"On the eighth day shall you give it to Me" — the Torah specifies that a first-born animal becomes eligible for the altar on the eighth day after birth. But the Mekhilta asks: is it acceptable only on the eighth day itself, or from the eighth day onward?

The answer comes through a gezeirah shavah. The word "eighth" appears here and also in (Leviticus 22:27): "From the eighth day onward it shall be accepted as an offering." In the Leviticus verse, the phrase "from the eighth day onward" makes clear that the animal remains eligible indefinitely — the eighth day is a minimum, not a maximum.

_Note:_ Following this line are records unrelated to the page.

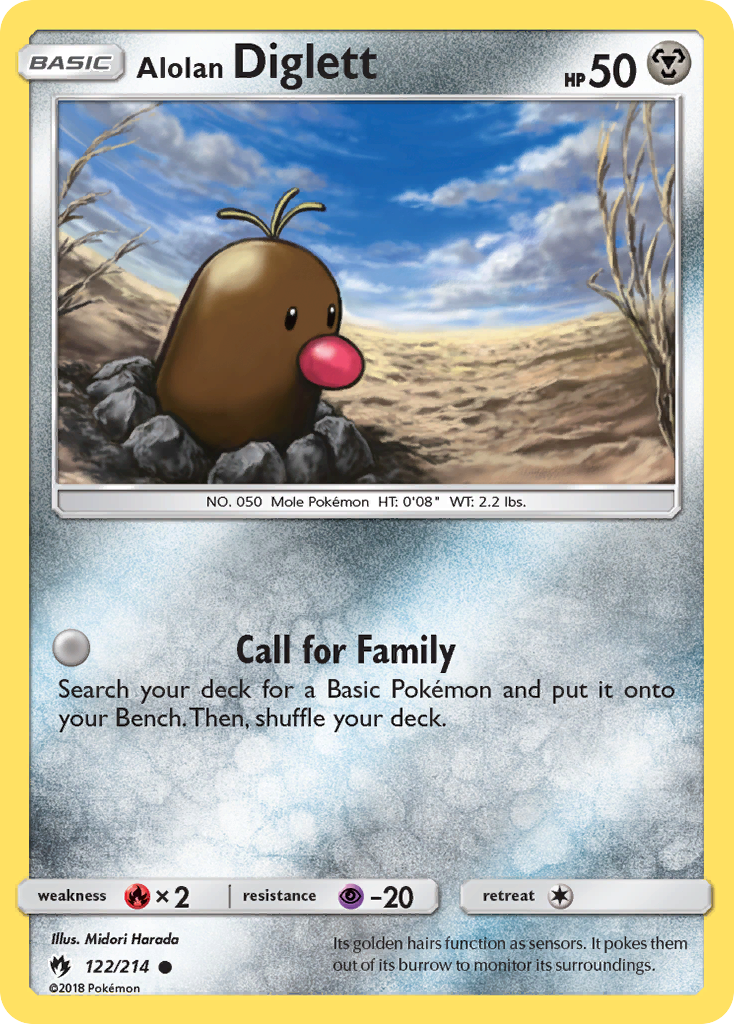 Alolan Diglett (122/214) [Sun & Moon: Lost Thunder] | Eastridge Sports Cards & Games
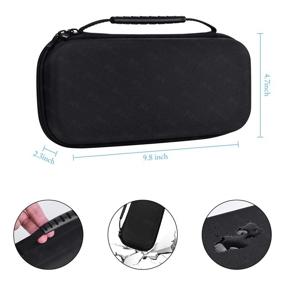 img 4 attached to 🎒 Ultimate Carrying Case for Nintendo Switch with Dual Screen Protectors, Joy Con Covers & Console Accessories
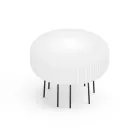 Lampada da Terra per Esterni in Polietilene Bianco Made in Italy - Disco Viadurini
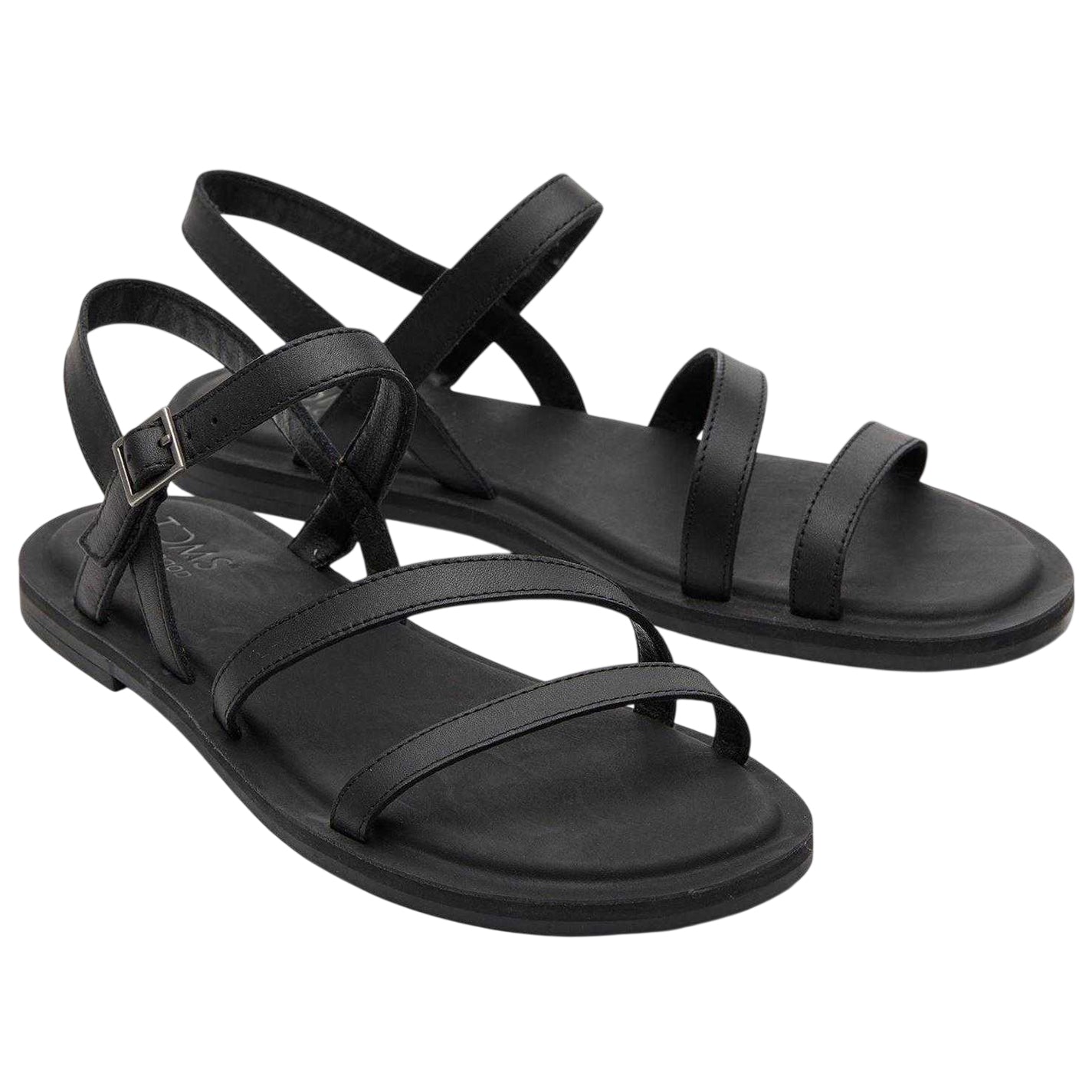 Black - Lifestyle - Toms Womens-Ladies Kira Flat Sandals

Since both passages use the word "eighth," the Mekhilta transfers the "onward" from Leviticus to Exodus. Just as there, from the eighth day on, so here, from the eighth day on. The animal can be offered on the eighth day, the ninth day, or any day thereafter.

But the transfer works in both directions. The Exodus verse establishes that the eighth day itself is the first acceptable day. This precision transfers back to Leviticus, confirming that the "eighth day" mentioned there is also the first available day — not earlier.

Two passages, each providing information the other lacks, combine through a single shared word to create a complete rule: the animal is acceptable from the eighth day onward, beginning specifically on the eighth day, with no upper limit.